_Exercise requirements_.
Here are some records; copy every line that holds the word "Women".
#### Source material ####
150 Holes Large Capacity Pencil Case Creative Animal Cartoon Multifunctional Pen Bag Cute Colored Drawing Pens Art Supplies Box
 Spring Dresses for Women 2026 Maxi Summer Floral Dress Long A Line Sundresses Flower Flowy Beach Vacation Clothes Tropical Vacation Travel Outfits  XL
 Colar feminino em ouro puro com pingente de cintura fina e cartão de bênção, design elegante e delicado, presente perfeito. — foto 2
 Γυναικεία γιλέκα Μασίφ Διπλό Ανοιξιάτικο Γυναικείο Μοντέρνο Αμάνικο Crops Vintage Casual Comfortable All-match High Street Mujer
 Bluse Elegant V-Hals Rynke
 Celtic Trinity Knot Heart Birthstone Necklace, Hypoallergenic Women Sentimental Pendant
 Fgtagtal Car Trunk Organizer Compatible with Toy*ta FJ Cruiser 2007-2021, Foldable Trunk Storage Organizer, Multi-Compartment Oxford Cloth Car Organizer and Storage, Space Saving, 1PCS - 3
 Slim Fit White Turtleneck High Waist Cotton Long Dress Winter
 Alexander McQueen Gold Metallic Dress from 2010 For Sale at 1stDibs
####
_Reply_.
 Spring Dresses for Women 2026 Maxi Summer Floral Dress Long A Line Sundresses Flower Flowy Beach Vacation Clothes Tropical Vacation Travel Outfits  XL
 Celtic Trinity Knot Heart Birthstone Necklace, Hypoallergenic Women Sentimental Pendant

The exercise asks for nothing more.